Some Americans know the story of how over half of them died the first winter of 1621 due to exposure and malnutrition. At one point during this time there were only seven people well enough to take care of the sick. To make matters worse, a fire destroyed the thatched roof on their first structure, which also housed some of the sick. Spring came, village streets were laid out and crops were planted. With help from the natives Squanto and Samoset, a bountiful harvest resulted A three-day celebration that fall included Chief Massasoit and 90 braves of the Wampanoag people. Today, we think of this as the first Thanksgiving holiday.
Autumn celebrations of thanks for blessings continued in ensuing years according to the tradition of harvest festivals in England, but Thanksgiving as we know it took some time to evolve.
George Washington declared a day of thanksgiving and prayer in 1789. However, it was not an annual event until Abraham Lincoln issued the “Thanksgiving Proclamation” in 1863 declaring the last Thursday in November to be a day of thanksgiving and praise. After that, the holiday blossomed into what we now think of with turkey, stuffing, pumpkin and apple pies, and for many, the famous sweet potato casserole with mini-marshmallows on top.
Over time, Thanksgiving began to include other traditions such as football games and crazy “Black Friday.” Fun activities, yes, but extravagances that tire many people and lead us to forgetting the true meaning and origins of the holiday.
A nostalgic article from the EVENING OBSERVER on November 11, 1897, reminded readers that a “Thanksgiving on the Farm” of the simplest kind is a day filled with real joys, and guests have only pleasant memories to carry home in the evening. The article reminded the hostess that overdoing the holiday just makes everyone grumpy.
“Trying to present the home in immaculate order with the table groaning under the weight of elegancies, we as housekeepers must strain nerves and temper until unendurable to self and all about us. Let us forego entertaining, for in every sense of the word is such a Thanksgiving a delusion, decidedly,” the author wrote.
The same OBSERVER article also stated, “If we will but stop to remember, in the rudest of hut farm homes that Thanksgiving day originated, in the dense and mighty woods of New England. It were well for us all did we stop and think of this wonderful day in history of people long ago, who through the privations they bore for a just and grand cause, made it possible for you and I to live here as we do, in peace and comfort, and in a manner that should tend to make us more grateful and thankful than we usually are for the blessings that are ours. To America belongs Thanksgiving day.”

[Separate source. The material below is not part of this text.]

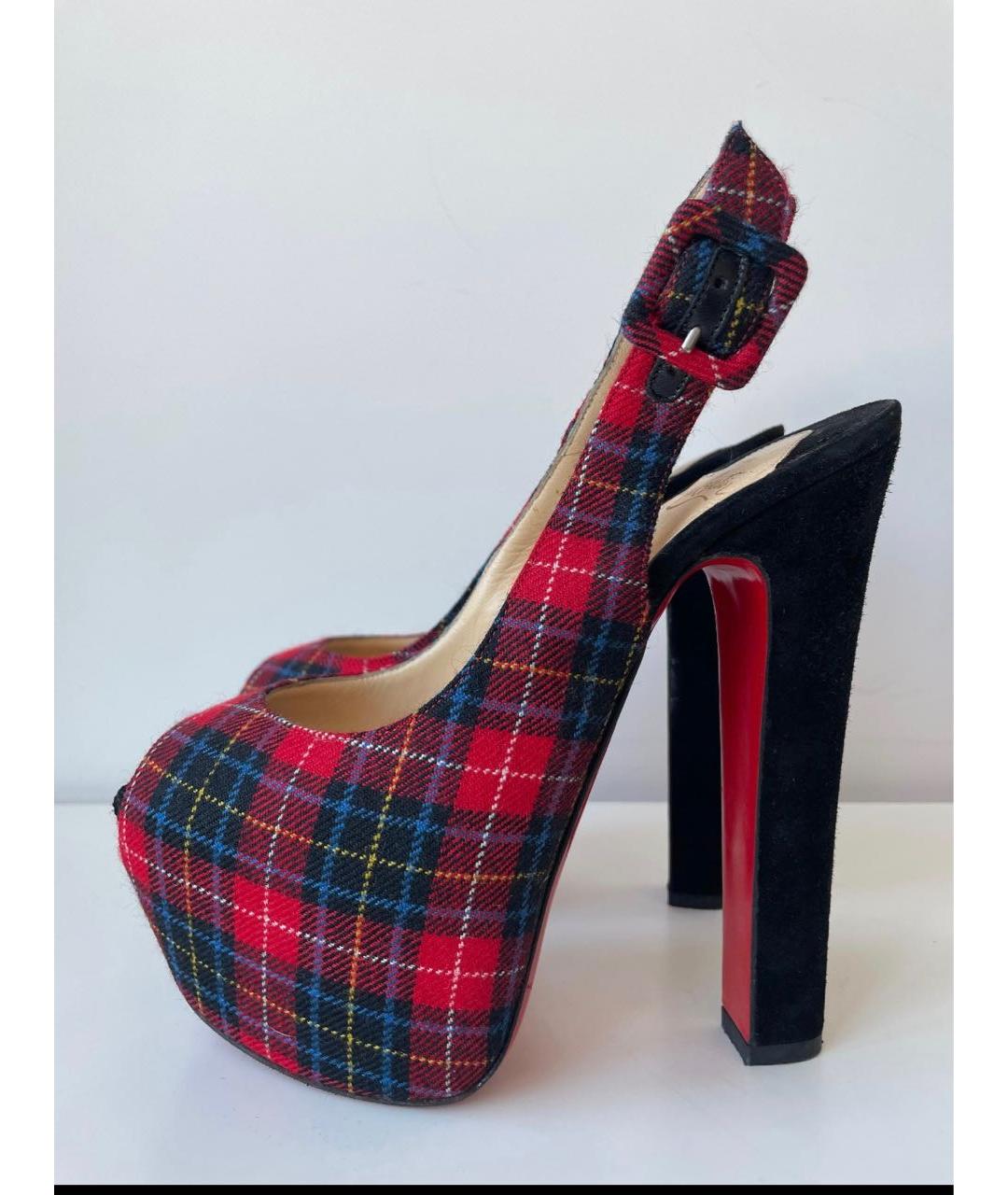 CHRISTIAN LOUBOUTIN Мульти текстильные туфли, фото 3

Remembering to recognize blessings and the sacrifices of those before us is what the holiday is about. An 1880 rediscovered book on the bookshelf called “Old Times in the Colonies” poignantly points out that the Pilgrims, known as Separatists for separating themselves from the church of England, were greatly persecuted. Industrious and honest, they organized themselves into a church where all were equal. They elected deacons to be their servants. It was a church in which the rights of every person was respected. Church members believed they had authority from the divine to rule themselves. Ruling themselves – not a man-made king or self-serving leader.
The book cautions that this is not to be forgotten. “When men rule themselves there will be the largest freedom; they will respect the rights of their fellow-men, for only by so doing can they have their own rights.”
It is in these Pilgrim roots that the stage was set for “the people alone have the right to rule” and other inherent rights that would be protected by our future Constitution.
People of great faith, the Pilgrims were also hard-working.
The 133-year-old book states, “There were no idlers in the party. All hands knew how to work, and labor was a duty which they owed one another and to God.” Prosperity and blessings come from this work for self and others.
The 1897 OBSERVER article reiterated this in relation to Thanksgiving. There may be feasting and “pleasantries,” but don’t forget to give thanks for abundance, health, family, and even the adversities and disappointments. Remember the small favors.
“Turn over a new leaf this season and find a reason for genuine thanksgiving in the oncoming prosperity that only those who are willfully blind are oblivious of.”
Make it a great Thanksgiving week. Count your blessings one by one.